18 Ekim 2008 Cumartesi günü Ferhan Şensoy‘ un oynadığı “Fernâme” oyununu Ortaoyuncular Sahnesi‘ nde izledim.
Uzun zamandır Ferhan Şensoy’ un bir oyununa gitmek istiyordum. Bir hafta önce 35 YTL vererek 1. sıra, 5 numaralı koltuk biletimi aldım. Bilet parasının sadece nakit ödenebilmesi ve satılan biletin iade edilememesi durumuna dikkat edilmesi gerekir.
Oyunun başlamasına 5 dakika kala Halep pasajına girip, Ortaoyuncular Sahnesi’ ne vardım. Salonu ilk kez gördüğüm için etrafa meraklı gözlerle bakıyordum. Salonun mimari yapısı çok hoşuma gitti.
Oyuna başlarken cep telefonlarının kapatılması gerektiği yada kapatmazsak başımıza neler gelebileceğini bildiren, esprili dilli bir anons duyduk. Tabii ki anonsu yapan Ferhan Şensoy’ un kendisiydi.
Anons bitti ve perde açıldı. Bu, Ferhan Şensoy’ u ilk görüşümdü. Elindeki trompetini çalarak oyuna başladı. Oyun iki perdelik ve süresi yaklaşık 2.5 saat.
1. perde Ferhan Şensoy’ un toplum, siyaset, teknolojinin insan hayatındaki etkileri gibi bir çok alandaki sorunları esprili bir dille getirdiği konuşmasıyla geçti.

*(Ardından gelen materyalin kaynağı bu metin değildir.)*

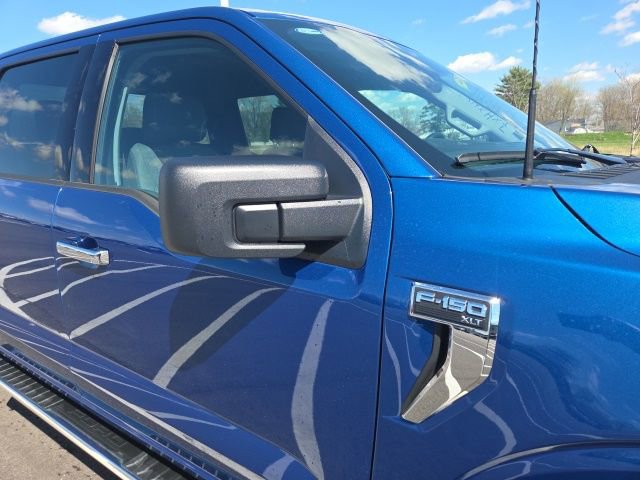 Used 2025 Ford F150 XLT w/ Equipment Group 301A Standard image 5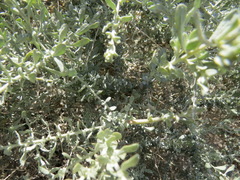 Neolasioptera willistoni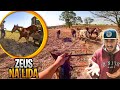 HOJE FOI O 2° DIA DO CAVALO ZEUS NA LIDA ! ELE ME SURPREENDEU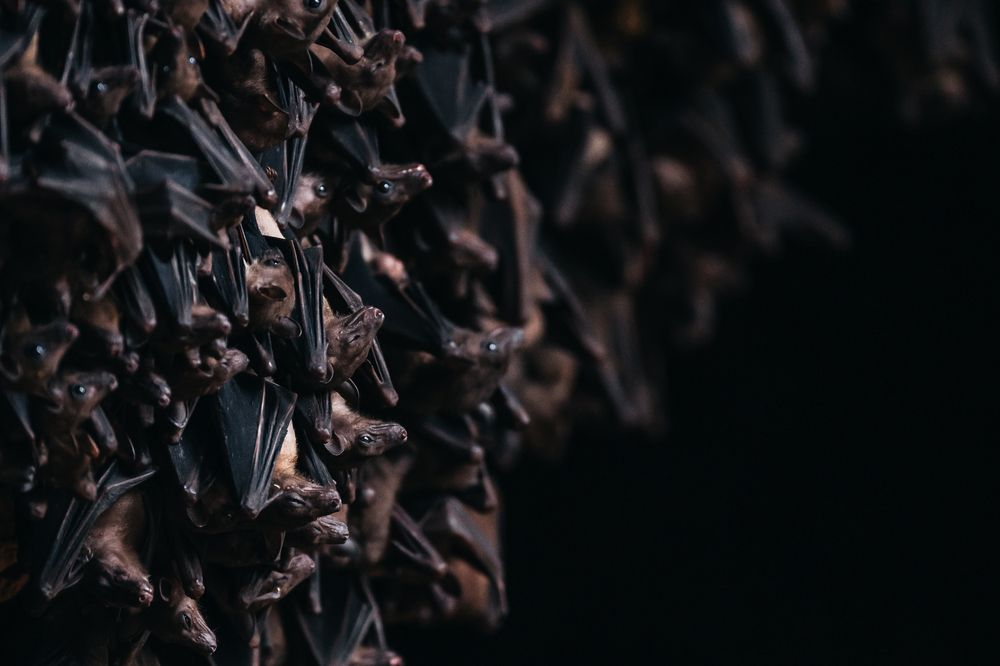 Фотография автора Dmitry Leonov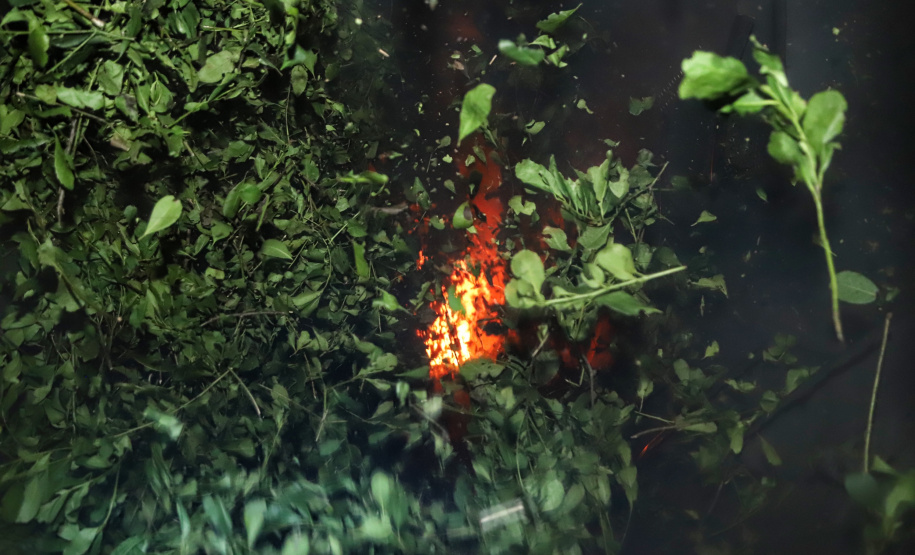 Produção de Erva Mate em São Mateus do Sul. Foto: José Fernando Ogura/ANPr - 01/2019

2. perdede, Ferhan Şensoy’ un kaçamak diye nitelediği sinemayla olan ilişkisini dinledik. Oynadığı 7 filmden esprili bir dille bahsederken, gözlerinin nemli olması dikkatimi çekti. Eski anılarını bize anlatırken tahminim; eski, güzel anılarının aklına gelip duygulandığıydı. Beş yaşındayken, babasına ait sinema salonunda filmleri nasıl izlediğini anlatırken, duygulandığını görmemek imkansızdı. Tiyatro oyunculuğundan aldığı zevki, sinema oyunculuğundan almadığını söylemesiyle, O’ nun sinemayla pek de iyi olmayan ilişkisinin, kendisinde çok fazla rahatsızlık yaratmadığını düşünebiliriz. Kendisinin yazdığı “Afitap’ ın Kocası İstanbul” eserinin sinema filmi olarak çekmek istediğini öğrendik.
Oyunda belden aşağı espriler, küfürler vardı. Çok sık olarak kelime oyunlarına başvurdu. Örneğin internet yerine interflu gibi… Bu durum, izleyicide, biraz işin kolayına kaçıyor gibi bir duygu uyandırsa da, oyun süresinin 2.5 saat olması ve Ferhan Şensoy’ un neredeyse durmaksızın konuşması dolayısıyla, böyle basit esprilerin olmasını normal karşılıyorum. Oyunda böyle basit esprilerden sayıca daha çok, zekice ve üzerinde daha çok düşünülmüş esprilerin olması oyunu keyifli kılıyor.
Oyunda seyircilerle birebir temasa geçmesi, onlarla sohbet etmesi kendisine duyduğu güvenden kaynaklanıyor.
Fernâme aslında Ferhan Şensoy’ un bir yangınnâmesi, bir şikayetnâmesi gibiydi. Oyun 190. kez sahnelendi. Her defasında kendisini yenileyen bu oyunu seyretmekte fayda vardır diye düşünüyorum. Tahminim odur ki; Ferhan Şensoy yaşadıkça, sahnede ayakta kalabildiği sürece bu oyunu sahneleyecektir.